People sometimes think of intelligence as a reflection of individual problem-solving skills. But we’re increasingly realizing that humans have special brain and cognitive mechanisms for social interaction. A powerful aspect of intelligence is the ability to solve problems collaboratively.
Individuals and groups incorporate knowledge passed along from others into new problem solutions and innovations. Computers and other modern technologies have greatly increased the impact of this type of intelligence. In business and science, innovative breakthroughs now come from those who leverage the intellectual power of groups. These advances aren’t going to come from a lone genius in a garret.
Do findings about learning have any practical implications for education?
More and more kids come to school as bilingual speakers or speaking a language other than English. Second-language learning, whether of English or another language, can potentially be improved by integrating social interactions into teaching methods.
Research shows that individual, face-to-face tutoring is the most effective form of school instruction. Learning researchers are now trying to develop intelligent tutoring systems that provide key elements of human tutoring while avoiding its extraordinary financial cost.
In one approach, adults learn a second language by interacting with a simulated tutor on a computer screen.
Are educational videos and scheduled activities preferable to free play for young children?
We now know that early learning sculpts the brain in important ways. This has led to an industry of selling products that promise to increase babies’ IQs and learning abilities. But there is no scientific evidence that any product on the market does that. This situation has led to much confusion among parents and much frustration among developmental scientists.
There is no dichotomy between early educational activities and free play. In the first three years of life, free play is an educational activity. Driven by their own natural curiosity, infants solve problems for the pure joy of learning about the physical and social world. If you watch babies’ faces as they build block towers and see gravity in action, it’s obvious that they’re learning.
People are the favorite playthings of young children, who are drawn to faces, voices, colors and movement. Through play, kids learn about others’ goals and intentions — what makes people tick.
A baby is like a little scientist running experiments. And babies love to replicate their experiments. An infant will drop a block from one angle, then from another and then try a third approach, to see what happens in each case. It’s like running pilot studies on the world.
Is it worthwhile to identify gifted children in kindergarten or earlier?
Testing for exceptional abilities can level the playing field and identify promising students who might not otherwise get noticed, such as those from poor neighborhoods. On the other hand, if a child does poorly on a test at one age, he or she can get labeled as a slow learner…. A self-fulfilling prophecy then occurs, with the child meeting teachers’ low expectations.
Society’s desire to help every child succeed is running ahead of scientists’ ability to design tests that identify specific talents early on. Children with special talents often pop out at us by virtue of what they do, not by what they score on a test.
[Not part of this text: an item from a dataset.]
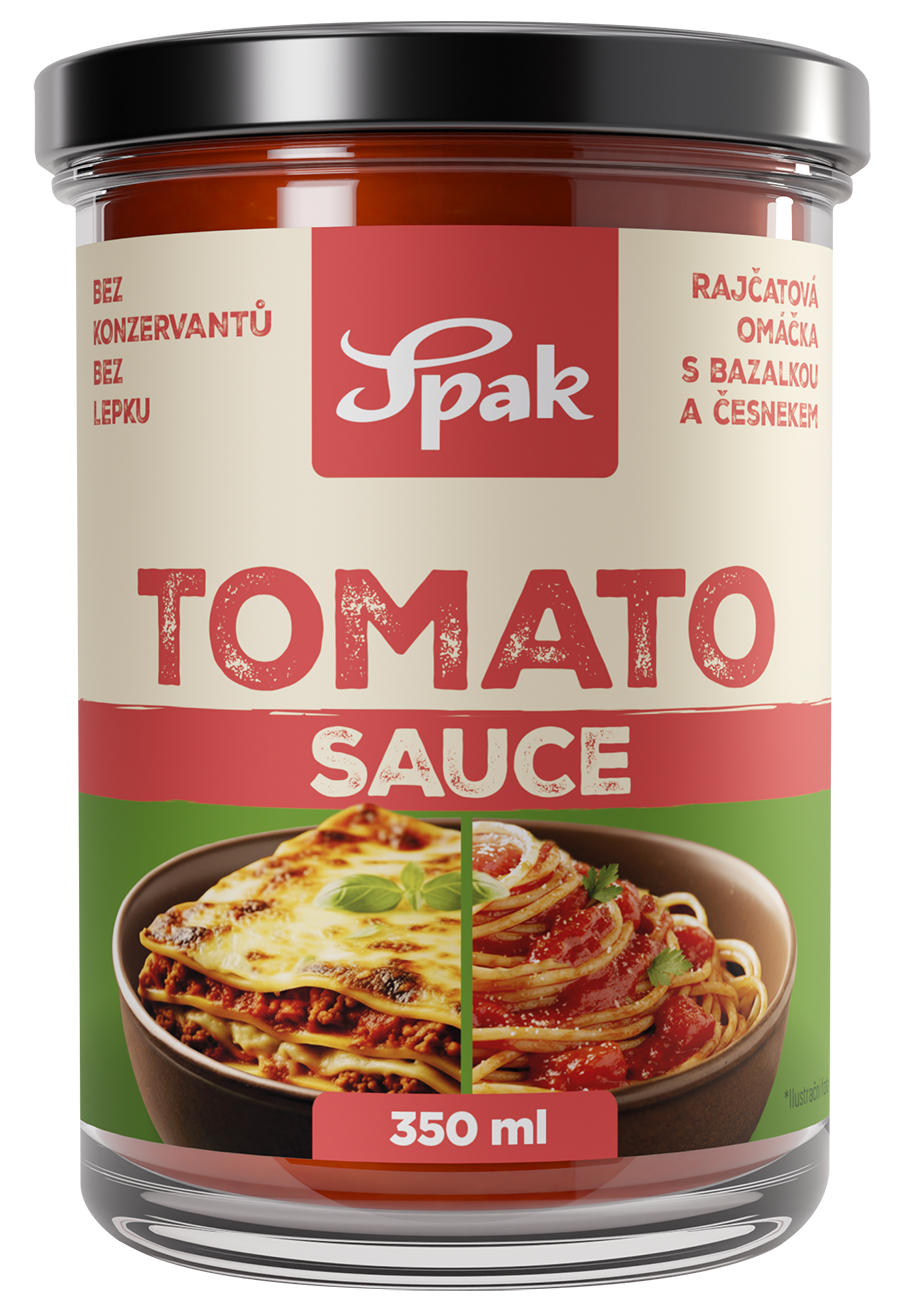Spak Tomato Sauce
For now, that may be the more humane way to identify them.
What question about the nature of learning would you most like to answer?
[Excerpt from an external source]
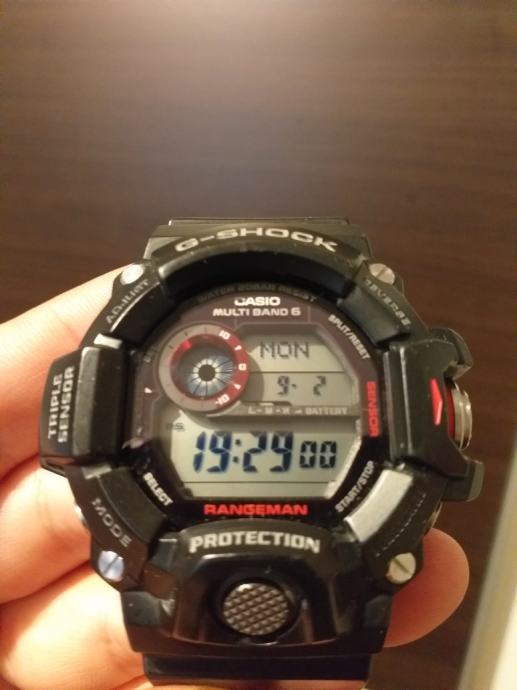 G-shock 9400 Rangemaster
What makes social interaction such a powerful catalyst for learning? This is the key that will unlock more effective educational practices. Also, how do we design learning environments that capitalize on … social interaction rather than having kids work alone at desks?
One element of social learning involves having a mentor, someone you identify with who frames important issues and provides an example that can be imitated and emulated. Having a mentor can change a child’s, and an adult’s, social identity.
Lucky scientists have kind and supportive mentors…. My mentor was Jerome Bruner, a psychologist who inspired me by connecting cognitive science to education. Scientists who have effective mentors learn to learn for the joy of it. They go back to being like baby scientists in the crib.